DENPASAR, BALI EXPRESS - Diksa merupakan usaha penyucian diri sebagai salah satu perwujudan dharma. Diksa memiliki tujuan menyucikan diri baik dari segi lahir maupun bathin sebagai sarana atau jalan untuk mentranfer pengetahuan ketuhanan melalui Guru Nabe atau Acarya sekaligus sebagai guru moral maupun spiritual.
Menurut Pinandita Pasek Swastika dari Asram Sari Taman Beji, ada beberapa proses diksa yang dilalui seorang welaka untuk menjadi seorang sulinggih. Seorang welaka yang didiksa akan mengalami tingkatan menjadi mangku, pemangku, pinandita, bhawati, setelah itu pandita atau sulinggih.
Seorang welaka dengan kemauannya sendiri melakukan pewintenan disebut dengan mangku. Sedangkan disebut dengan pemangku jika umat tersebut sebagai pengayah atau juru sapuh di salah satu pura karena nyambung Rah (melanjutkan tugas) dari orang tuanya yang telah meninggal.
Selain nyambung Rah, proses seseorang menjadi pemangku juga dilakukan dengan proses penunjukan langsung dengan ritual nyanjan yaitu ritual nedunang atau menurunkan bhatara yang melinggih di suatu pura, lalu ada seseorang yang kecatri atau kajudi (ditunjuk) untuk menjadi juru sapuh di pura itu.
Kemudian, proses menjadi pemangku juga dapat dilakukan dengan penunjukan olih krama beberapa calon kandidat. Lalu beberapa kandidat dipilih menggunakan media lekesan. “Dengan berbagai ritual dan prosesi yang dipimpin olih sulinggih, lekesan itu ditendunkan lalu kandidat yang mendapatkan lekesan yang berisi tanda, itulah yang terpilih menjadi pemangku,” jelas Pasek Swastika yang menjabat sebagai wakil ketua PHDI Provinsi Bali ini.

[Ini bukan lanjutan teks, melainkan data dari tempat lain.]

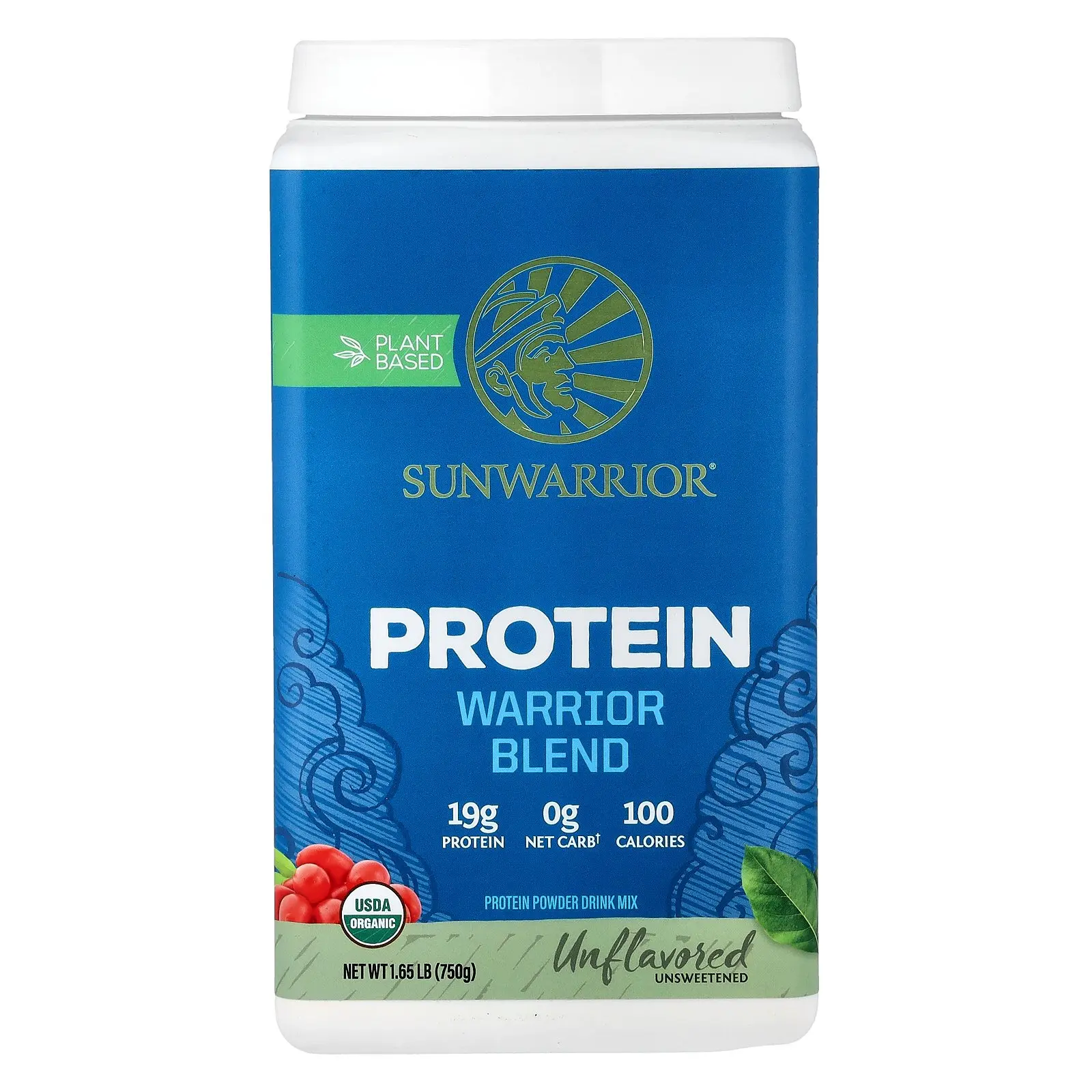 Sunwarrior Warrior Blend, Protein, Unflavored, 1.65 lbs (750 g)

Tingkatan selanjutnya adalah pinandita. Beliau adalah pemangku yang memiliki tugas sebagai pembantu Sulinggih untuk nganteb banten. Untuk menjadi seorang pinandita harus melalui proses Pawintenan Saraswati, mapedamel, pawintenan mangku alit lan mangku gede, pawintenan dasa gana, pawintenan matapak gana, pawintenan panca rsi dan wiwa. “Wiwa adalah proses pawintenan tertinggi,” ungkapnya.
Pinandita Pasek Swastika mengungkapkan, ketika telah melalui proses menjadi pinandita barulah menjadi bhawati. Ketika seorang bhawati ingin melanjutkan menjadi pandita atau sulinggih maka dilanjutkan dengan padiksaan dengan catatan memiliki tiga Nabe, yaitu Nabe saksi, Nabe Napak, dan Nabe Watra. “Ketiga Nabe inilah yang nantinya memiliki kewenangan untuk melakukan pediksaan yang bersangkutan,” jelasnya.
Ada tiga lontar yang harus diketahui dan dipelajari oleh seorang calon sulinggih, di antaranya Lontar Sila Kramaning Aguron-guron yang berisi petunjuk-petunjuk atau nasihat-nasihat tentang kewajiban dan tata krama seorang sisia (murid) dalam berguru. Selanjutnya adalah Lontar Wrtti Sasana adalah teks agama Hindu yang menguraikan tentang persyaratan atau disiplin menjadi seorang pandita, dan lontar Siwa Sasana, yaitu sebuah teks yang berisi ajaran Siwa. “Seorang calon pandita harus mengikuti proses secara dharma agama dan dharma negara, secara dharma agama ikutilah proses sesuai dengan lontar sedangkan dharma negara ikuti tata titi yang sesuai dengan pediksaan yang dikeluarkan oleh PHDI,” pungkasnya.